Round Rock City Council passed an ordinance in a 7-0 vote March 14 that requires developers to pay a one-time cost to fund transportation infrastructure. The city in turn, will use the revenue to cover costs of transportation infrastructure.
“These impact fees are not new,” Round Rock Mayor Craig Morgan said during a Feb. 28 council meeting. “They’re all across the country. They’re in Texas. So they’re coming.”
In Central Texas, cities including Hutto, Taylor, Cibolo and New Braunfels have already implemented roadway impact fees. Austin and Buda are conducting studies to potentially do the same.
The price of growth
Round Rock is a desirable place to be, according to a bi-annual, city-administered survey. The most recent survey—conducted in Spring 2018—found that 84 percent of respondents were “satisfied with the overall quality of life” in the city.

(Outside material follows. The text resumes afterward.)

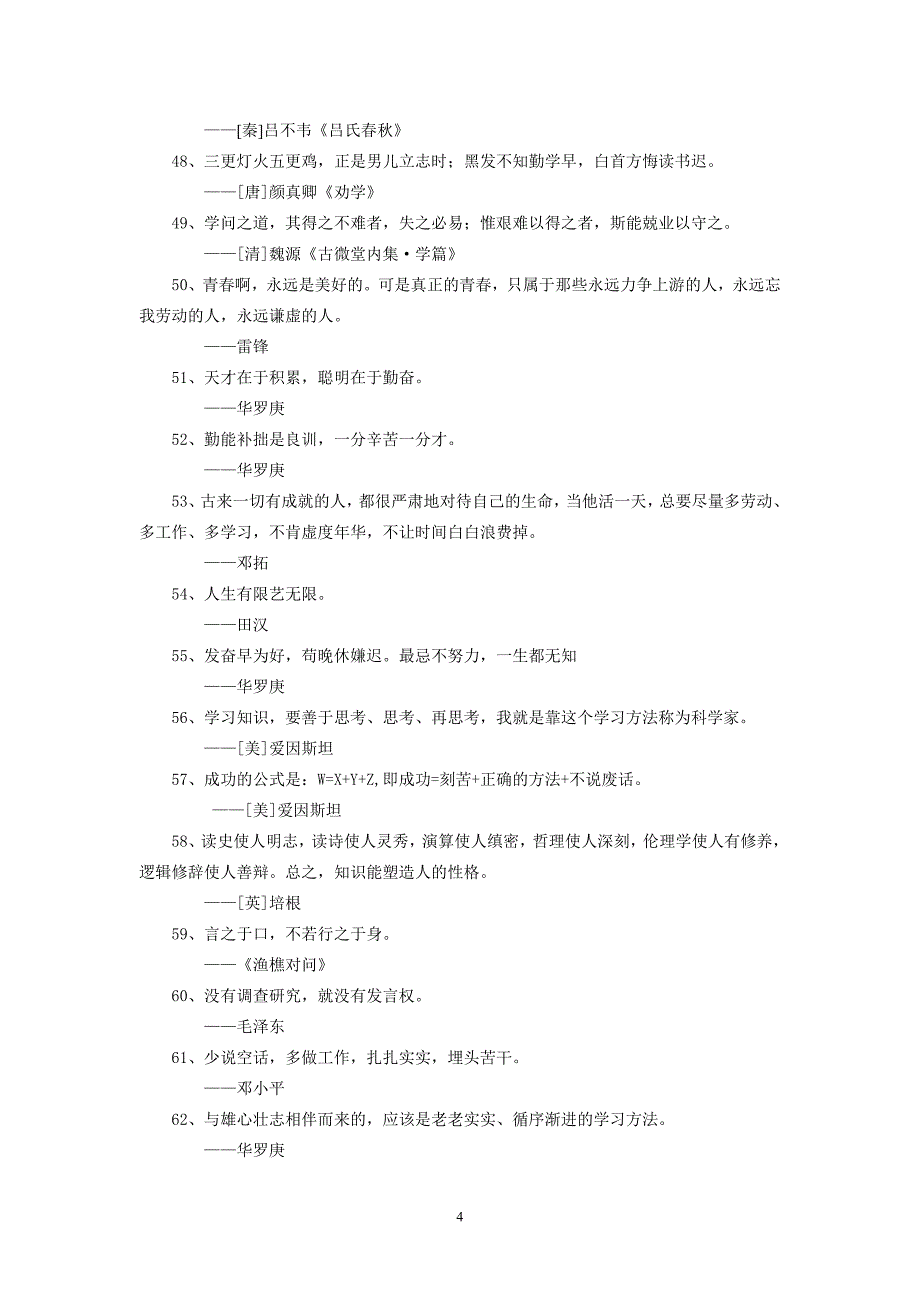 兰州外语职业学院道旗内容索引_第4页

Recently, Round Rock was named the No. 5 city in which to buy a house in 2019 by Niche, a company that researches and analyzes cities across the country.

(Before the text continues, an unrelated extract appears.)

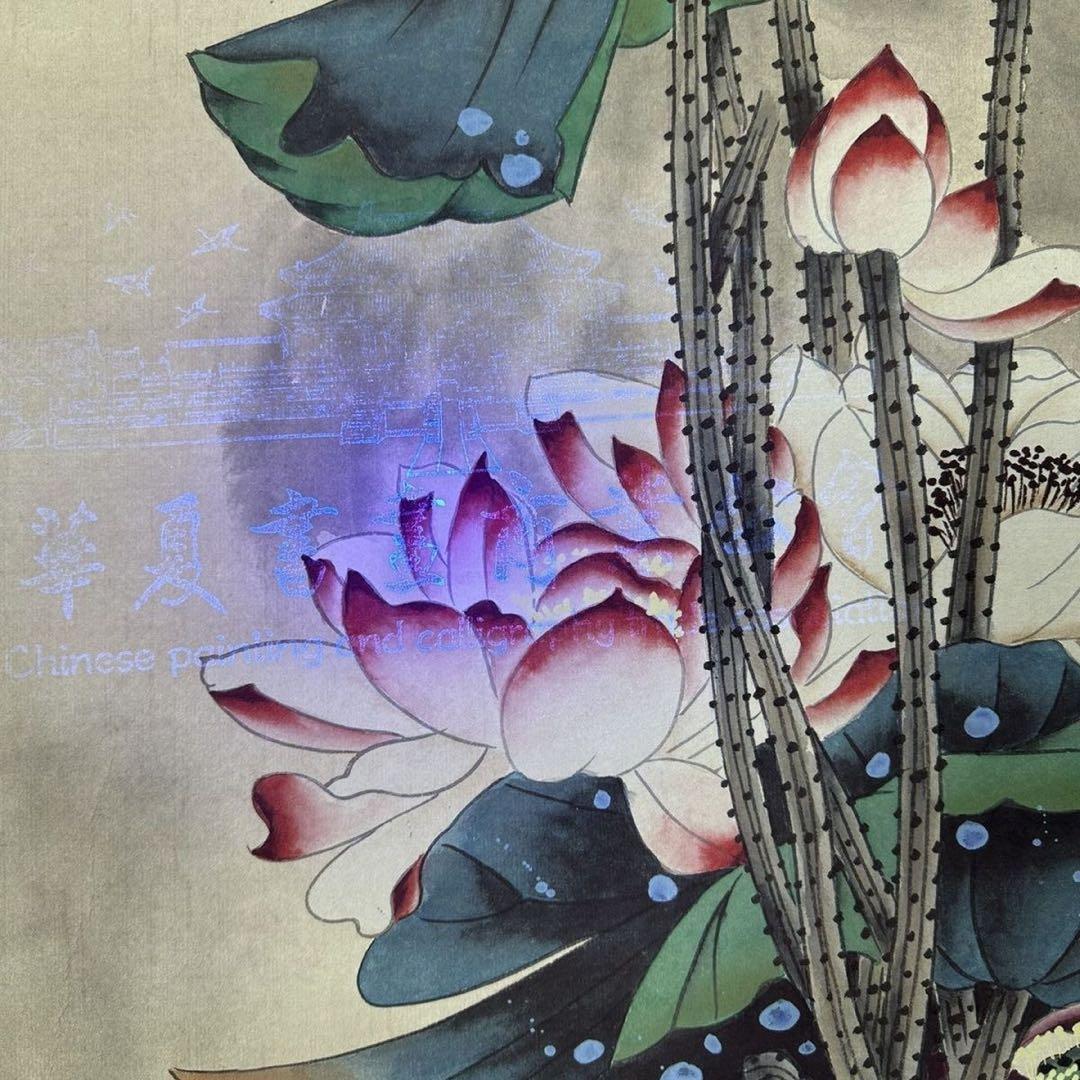 張大千 蓮花図 三尺中堂 掛軸 証書付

While current residents know the appeal of the city, they also consistently rank traffic as the top issue. In fact, 76 percent of respondents said the perceived traffic flow in the city was getting worse.

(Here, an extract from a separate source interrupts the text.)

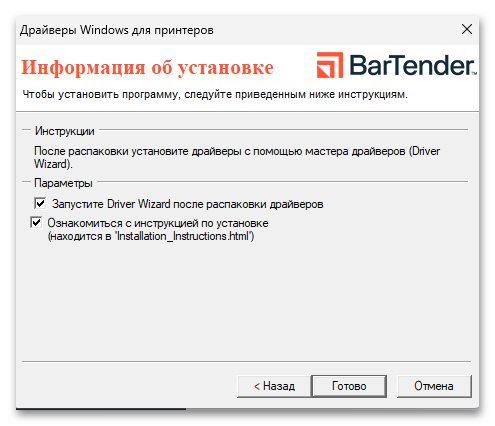 Драйвера для XPrinter XP-365B-08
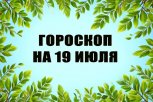 Гороскоп на 19 июля: кому придется принять сложное решение, а кто получит неожиданное предложение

Every new development—residential and commercial—creates additional infrastructure needs. Cities use various types of impact fees to offset the costs associated. The city of Round Rock has used water and wastewater impact fees to fund public water and wastewater improvements since 1989, said Michael Thane, the city’s director of utilities.
More than $1.2 billion is needed to fund roadway projects, according to Round Rock’s 2017 Transportation Master Plan. The plan is based on projections to serve Round Rock’s ultimate population of 250,000 people.
“This [topic] is not fun for anybody,” Morgan said Feb. 28. “It’s a very difficult thing. But since I’ve been on this council, the number one issue in our biennium surveys [of Round Rock residents] is traffic.”
Money collected through roadway impact fees will be applied to traffic signals, bridges, sidewalks, roadways, thoroughfares, land acquisition costs, surveying and engineering fees, according to the ordinance. However, the fees will not be used for upgrades to existing development or repair, operation or maintenance of existing or new facilities.
The ordinance will take effect Jan. 1, 2020.